Die wahre Gottesliebe, die echte Liebe zu den Mitmenschen und die Sorge um die Schöpfung und die
Mitgeschöpfe sind eng miteinander verbunden (vgl. LS 91).
Schluss
Liebe Schwestern und Brüder, wir feiern das Fest des hl. Leonhard, des Schutzpatrons von Bauern
und Tieren.
Wir tun es durch die Feier der Eucharistie, die Höhepunkt und Mitte unseres Festes ist. In ihr stimmen wir ein in den Lobgesang der ganzen Schöpfung und folgen der Weisung des Psalmisten: „Alles,
was atmet, lobe den Herrn“ (Ps 150,6).
Wir bitten für die Arbeit auf dem Feld und im Stall, dass wir die Gaben der Schöpfung recht gebrauchen und diese hegen und pflegen gemäß dem Willen des Schöpfers.
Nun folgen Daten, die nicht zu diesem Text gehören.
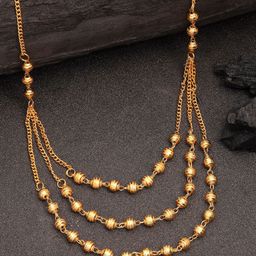NVR Women Gold-Plated Artificial Beads Layered Chain-image-28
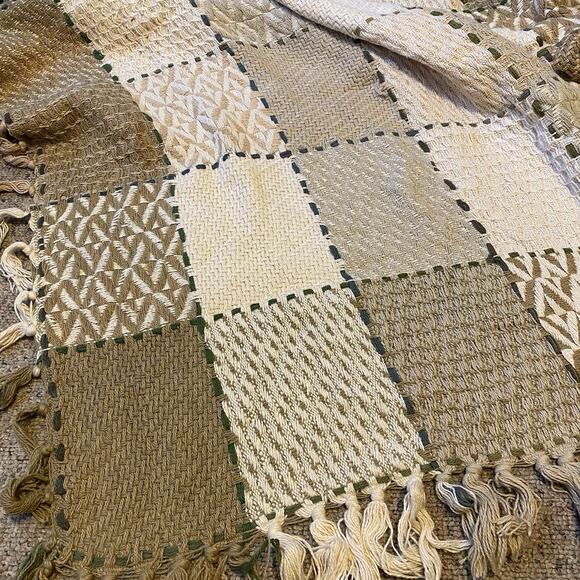 Woven Throw Blanket Fringe Soft Cotton Multicolor Check LoonLake Weaver 43”x53” - Picture 5 of 6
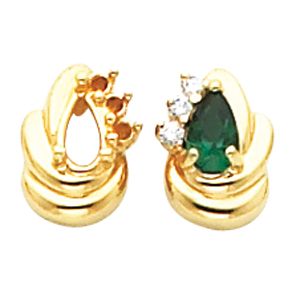Earring Mounting for Pear Shape Center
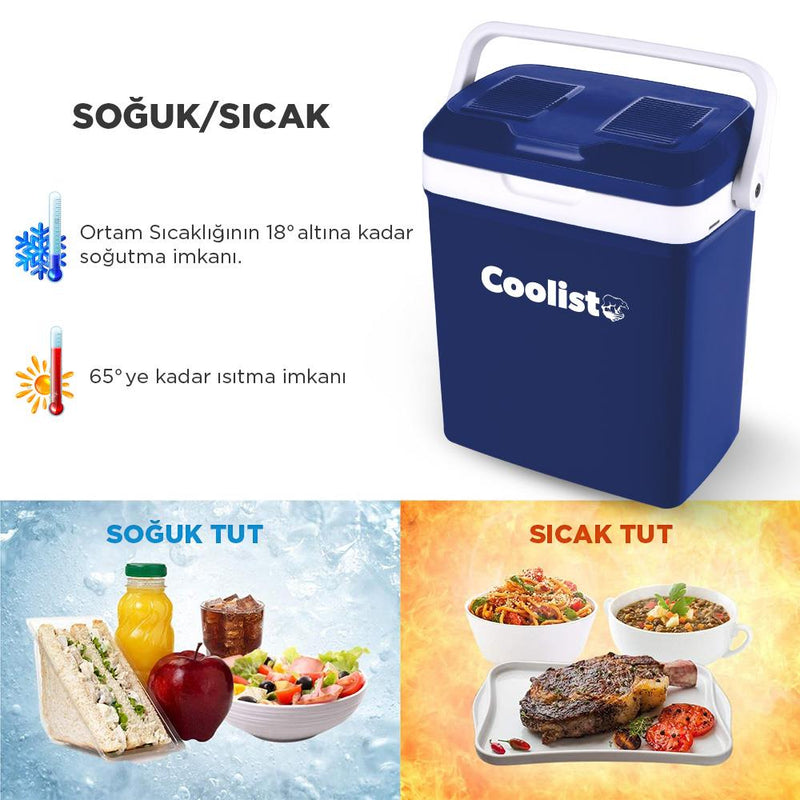 Coolist CLT18 12Volt/220Volt AC/DC 18 Litr İsti/Soyuq Avtomobil Soyuducu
Und wir bitten dazu auch um
die Gabe der Liebe zu allen Geschöpfen.
Wir segnen unsere Tiere, allen voran die Pferde, damit wir nicht vergessen, dass sie unsere Mitgeschöpfe sind, vom Schöpfer selbst uns anvertraut.
„Gemeinsam mit allen Geschöpfen gehen wir unseren Weg in dieser Welt“ (LS 244), dem neuen
Himmel und der neuen Erde entgegen, wo der Herr allen seinen Geschöpfen einen „Platz“ bereiten
wird (LS 243). Denn, so dürfen wir hoffen, die ganze Schöpfung wird einmal von der Sklaverei und
Verlorenheit befreit werden zur Freiheit und Herrlichkeit der Kinder Gottes (Röm 8,21). Amen!